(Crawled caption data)
++++++

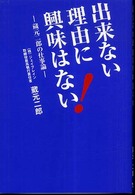 出来ない理由に興味はない！―蔵元二郎の仕事論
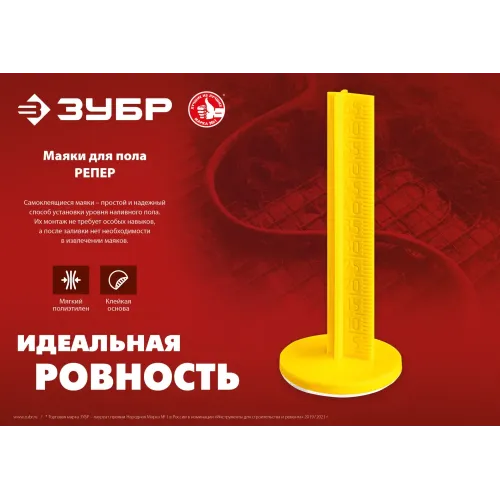 ЗУБР РЕПЕР, 70 мм, 50 шт, маяки для пола самоклеящиеся (301616-50)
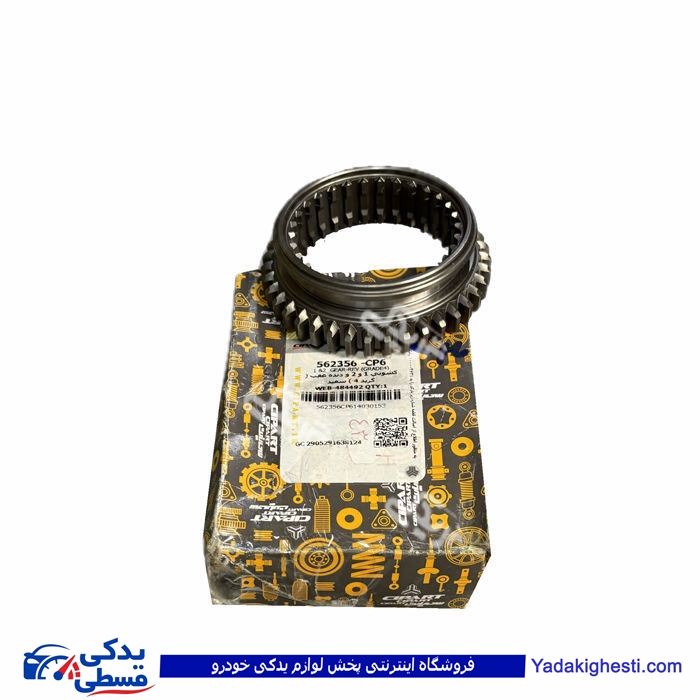 کشوئی پوسته تکی 1و2 پراید سی پارت 562356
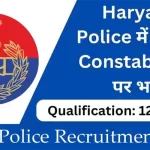 Haryana Police Admit Card 2026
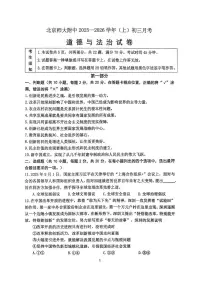 北京市北京师范大学附属中学 2025-2026学年九年级上学期10月月考道德与法治试卷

++++++

◆ **Task details**:
Reproduce exactly and only the lines from the "ЗУБР РЕПЕР, 70" line to the last line of the records above. Do not carry over any pictures.

◆ **Response area**:
 ЗУБР РЕПЕР, 70 мм, 50 шт, маяки для пола самоклеящиеся (301616-50)
 کشوئی پوسته تکی 1و2 پراید سی پارت 562356
 Haryana Police Admit Card 2026
 北京市北京师范大学附属中学 2025-2026学年九年级上学期10月月考道德与法治试卷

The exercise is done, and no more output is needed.